Theme: The post-v1.7.0 accuracy tail. This ADR is opened by the first
decision of the cycle and grows as the release lands; per-release decisions
fold in here rather than spawning topic ADRs. The through-line is
dmc_dma_during_read4 / nessy #20: the host-side seam (D1) plus the two
CPU-side DMC-DMA steal-timing fixes (D2, D3) that, with nessy's host conflict
formula, finally converge dma_2007_read.
D1 — Tagged DMA reads (DmaReadBus) for the 2A03 DMA-read open-bus glitch (#481)¶
Context: The DMC-DMA-during-internal-register-read glitch
(dmc_dma_during_read4, nessy #20) only manifests when a DMC sample fetch
lands on an internal register $4000-$401F. Those reads are invisible to
external chips, so the 2A03 latches an open-bus / internal-register bus
conflict instead of a real value, and $4016/$4017 fetches delete a
controller bit. chippy's DMA loop (ProcessPendingDma, #376) issued bare,
untagged Bus.Read(addr) calls, so the host (nessy) could not tell a DMC
sample fetch from an ordinary CPU read and could not apply the DMA-specific
semantics. An earlier "minimal $4015 read" attempt failed for exactly this
reason — no DMA context on the read. Open-bus state itself is host-owned:
nessy already sees every external read/write and can latch the last bus value
without any CPU help.
Decision: Add an optional DmaReadBus Bus extension —
ReadDma(addr uint16, kind DmaKind) byte — with a DmaKind tag
(DmaDummyRead / DmaSpriteRead / DmaDmcRead). When c.Bus implements it,
ProcessPendingDma routes its reads through ReadDma; otherwise it falls
back to Bus.Read, byte-for-byte identical to today. The assertion is cached
at SetBus (a dmaBus field, mirroring the existing busTicker cache) so
the 256-read sprite loop pays no per-read type-assert. The CPU contributes
only the tag — no open-bus latch, mask, or prevReadValue moves into
cpu.CPU; the host owns all of it. The exact conflict formula
(GetOpenBusMask, controller bit-deletion) is reconstructed and validated in
nessy against a MesenCE (NesCpu::ProcessDmaRead) cycle-by-cycle reference —
chippy cannot validate it, having no NES peripherals.

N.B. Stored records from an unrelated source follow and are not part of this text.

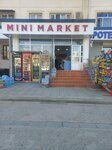 Osiyokitty (Uchtepa District, Chilanzar, 11-mavze, 18), gps equipment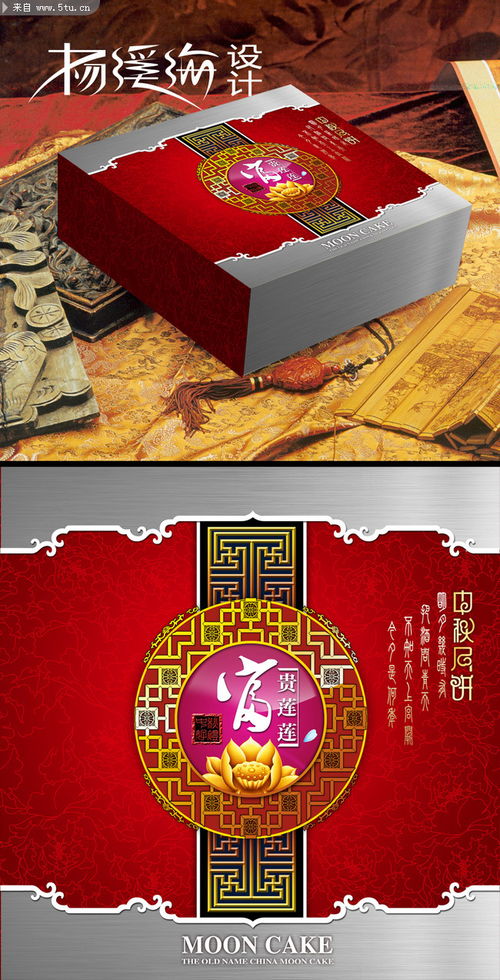 古典中秋月饼包装图片
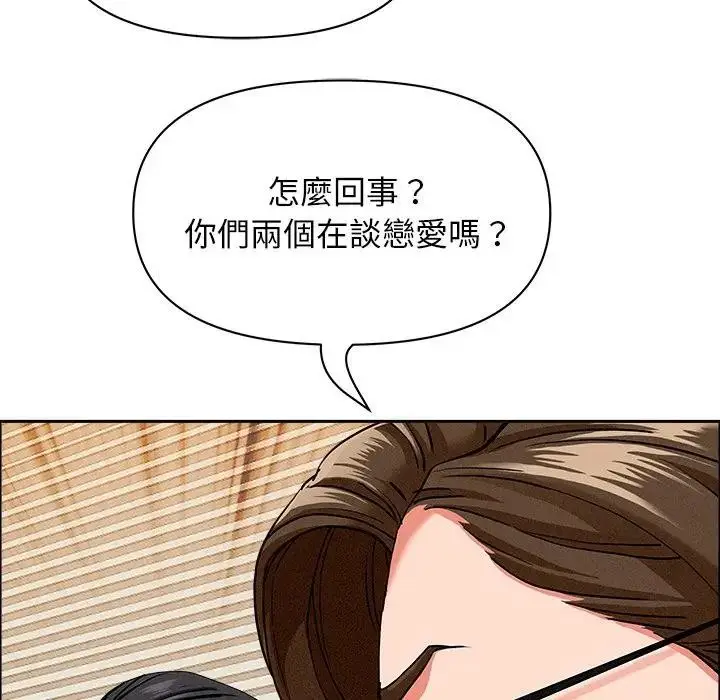 漫画《贵妇的专属保镳》第21话第67张图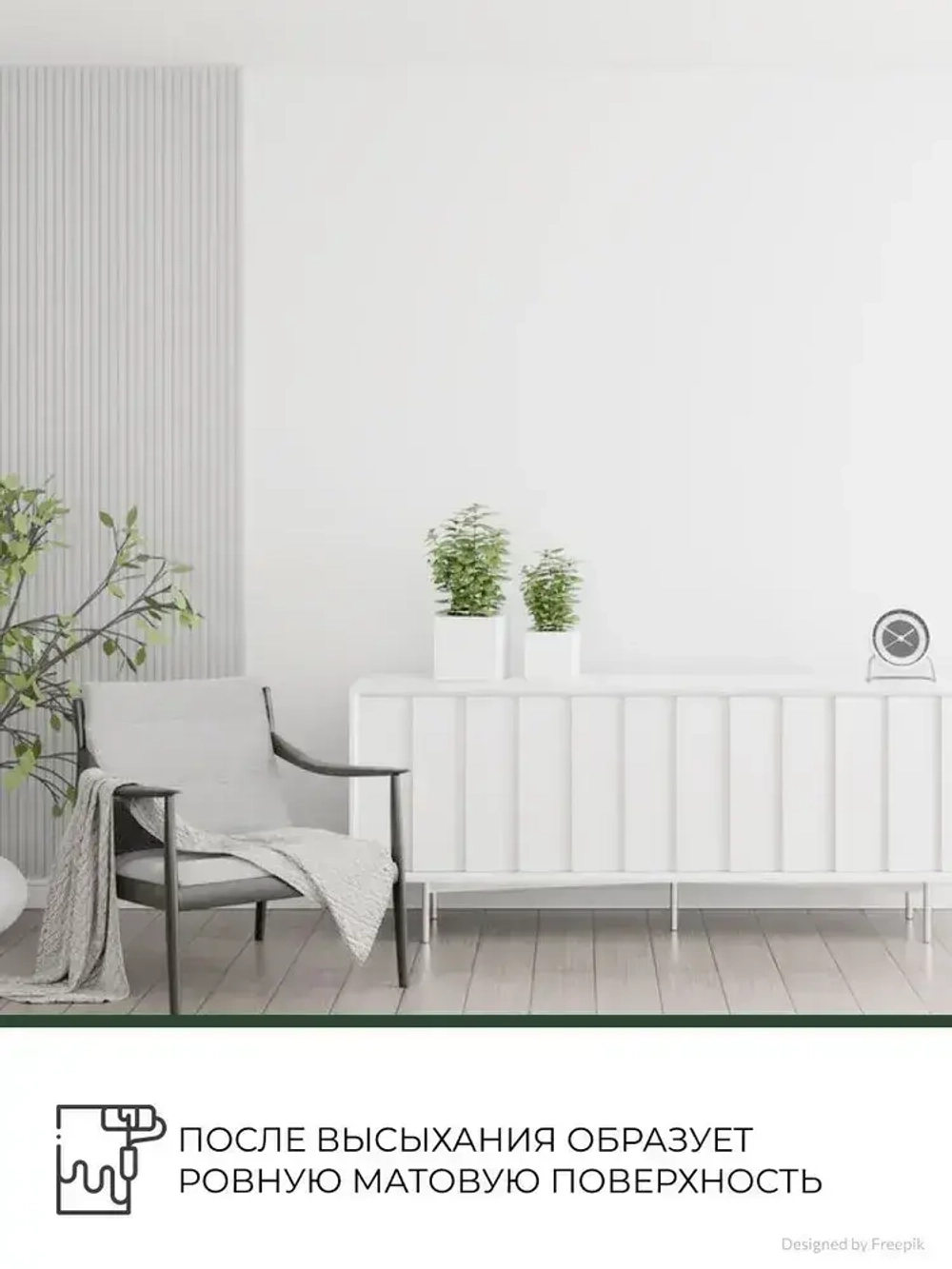 Краска моющаяся для наружных и внутренних работ VGT / ВГТ ВД-АК-1180, белоснежная, 15 кг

Consequences: Additive, minor-bump-safe public API; zero hot-path and
zero behavior change for non-NES variants and for hosts that don't implement
the interface. chippy ships the seam plus unit tests (a fake DmaReadBus
asserting each read's tag, and a plain-Bus fallback proving identical
behavior); full dmc_dma_during_read4 convergence is a downstream nessy task
gated on the MesenCE reference. The seam follows chippy's established
host-hook pattern (DMCFetcher, PPURunner, the per-access hook) — the CPU
exposes a typed extension point and the consumer supplies the
platform-specific behavior.
D2 — idle() polls ProcessPendingDma so a DMA halt drains on dummy-read cycles (#493)¶
Context: With D1's seam wired, dma_2007_read still hung: its
self-calibrating poll loop only escapes when the single-byte DMC DMA steals
its cycle coincident with the $4015/$2007 read, and chippy's steal was
landing one CPU cycle late. A from-boot (PC, cycle) diff against a headless
MesenCE reference (built make core + pgohelper, per-instruction trace hook
on NesCpu::Exec) showed the two emulators bit-identical for 62,741
instructions, then diverging at exactly one steal: chippy halted at the
taken branch's target ($E062, even cycle → 3-cycle steal) where MesenCE
halted on the branch's dummy-read cycle ($E078, odd → 4-cycle steal). A
3-cycle steal pins the loop period to the DMC sample period (8 × 428 = 3424),
so it never phase-drifts onto the read. The earlier "cumulative cycle-parity
offset" hypothesis was falsified by the bit-identical prefix.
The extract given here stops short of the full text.